Software Review: Google Chrome

Have you been wondering about this crazy new web browser all the kids are talking about? Are you feeling 'net listlessness because you're bored with the old web browsers? The linked software review might help you decided if Google Chrome will answer these questions for you.

I decided to write a software review on Google Chrome because a lot of people have asked me why Google would come out with a web browser when there is a plethora of useful browsers out there. (Heck, I wondered the same thing.) After using Chrome for a week straight (without letting myself touch Firefox, which was hell to me!), I came up with a few answers, more questions, and a fair bit of information.

Enjoy!

Tuesday, April 21, 2009

Thursday is Talk Like Shakespeare Day

Linketh thee here: http://www.cnn.com/2009/US/04/21/talk.like.shakespeare/index.html
Title: "Unleash thy inner bard on 'Talk Like Shakespeare Day'"

From Cnn: Mayor Daley of Chicago hath proclaimed Thursday, April 23rd, "Talk Like Shakespeare Day," in celebration of the great bard's 445th whelping day.

Methinks this day will be secondarily proclaimed the Day of Meritorious Locution.

Monday, April 20, 2009

Oracle and Sun Microsystems: A Reality that will Benefit DSpace and Archivists' Toolkit

Link: http://www.nytimes.com/2009/04/21/technology/companies/21sun.html?partner=rss&emc=rss
Article title: "Oracle Agrees to Acquire Sun Microsystems"
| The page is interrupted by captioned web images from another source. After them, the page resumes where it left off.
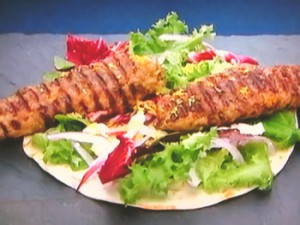 もこみち流 ピスタチオ入りラムミンチのトルティーヤ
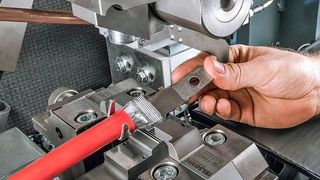 Wie ein Zulieferer 160 mm² dicke Aluleitungen im Rohrkabelschuh mit dem Powerwheel-Ultraschallschweißverfahren von Telsonic sicher für die Anwendung in Nutzfahrzeugen kontaktiert. (Telsonic)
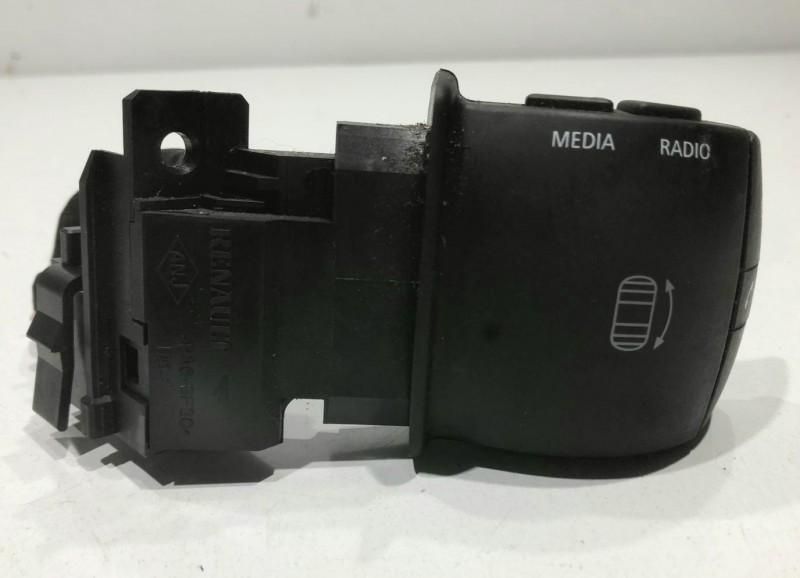 Comenzi volan Renault Megane 3 facelift (2012-2016) 255522540r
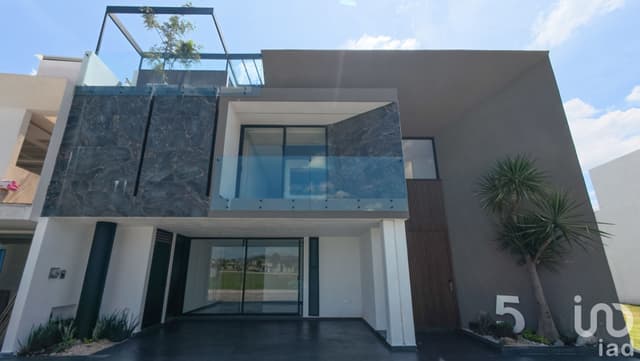 CASA EN VENTA PARQUE VOLCANES, LOMAS DE ANGELOPOLIS, SAN ANDRES CHOLULA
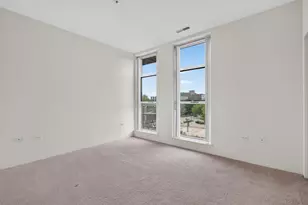 1572 Maple Ave, Evanston, IL 60201 - Photo 15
Okay, it's now a reality that one of the best database companies in the industry is acquiring a company that yes, sells rocking servers, and yes, offers its Java developers kits to adoring open-source masses; but, much more important to archivists and IT manager who run open source digital access products, the company that makes one of the supported backend database systems (Oracle) for DSpace is now acquiring the company that makes the backend database system (MySQL) for Archivists' Toolkit. WOO-HOO.

This should be huge news to the open source community that uses, programs, and installs archiving software. If you're involved in any sort of digitization project for archives, you can't walk down a sidewalk without tripping and face-planting onto DSpace in the first elevated crack in the concrete and then, two-feet later, skinning your knees as you fall over Archivists' Toolkit.
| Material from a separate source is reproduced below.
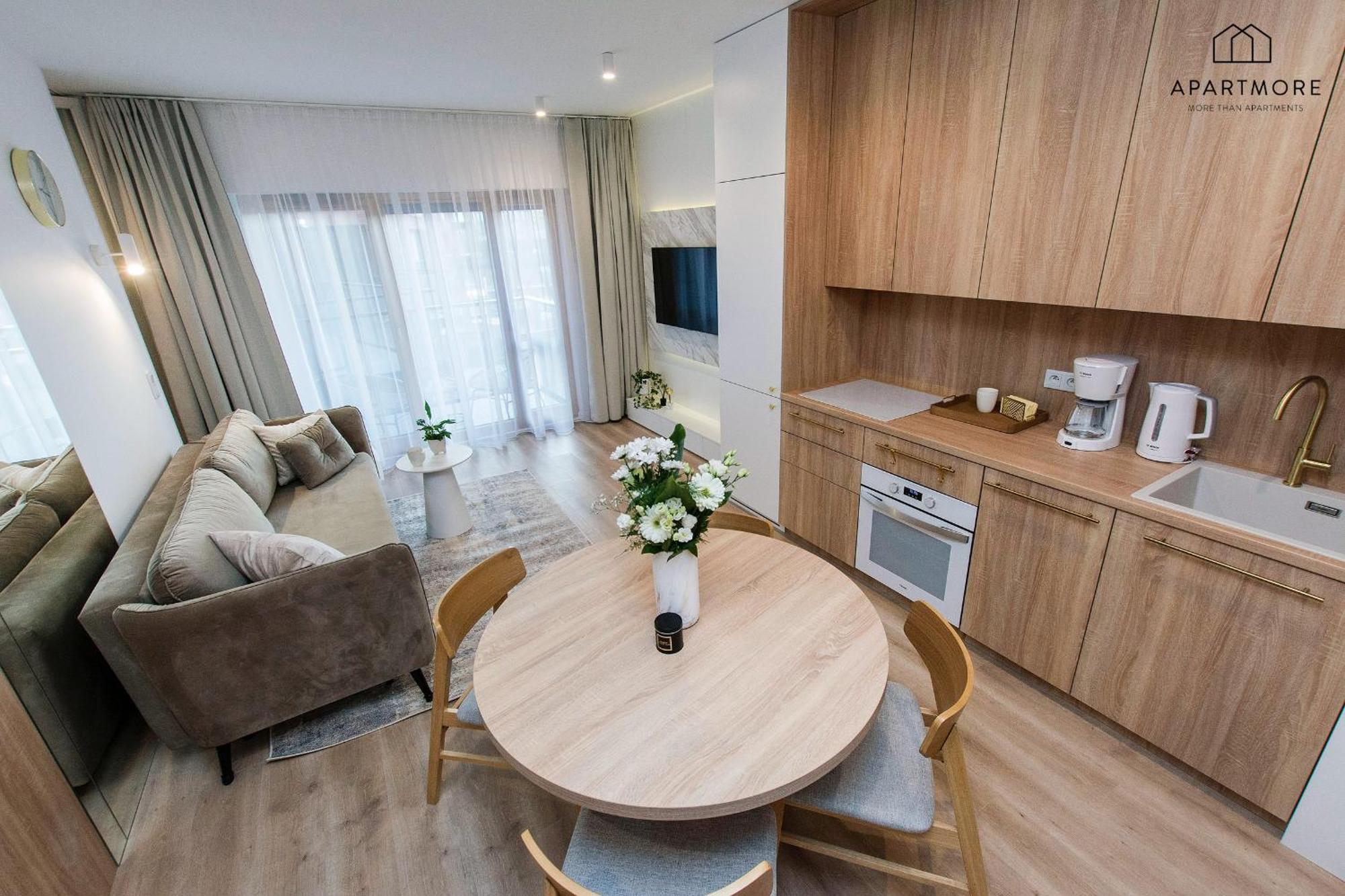 Center - Amber Sky By Apartmore Aparthotel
The biggest roadblock to DSpace's success has historically been that no one could figure out an easy way to move metadata from record-creation software into DSpace. Archivists' Toolkit, an record-creation software that builds information about acquired items from initial accession into a collection through to who has edited and accessed the digital item throughout its digital life, can build metadata records for archival items. It runs on MySQL, while DSpace is on Oracle or Postgresql. If someone could find an _easy_ way (because there are ways, but none is simple) to move information between the two programs, digitization would be a thousand times easier for everyone.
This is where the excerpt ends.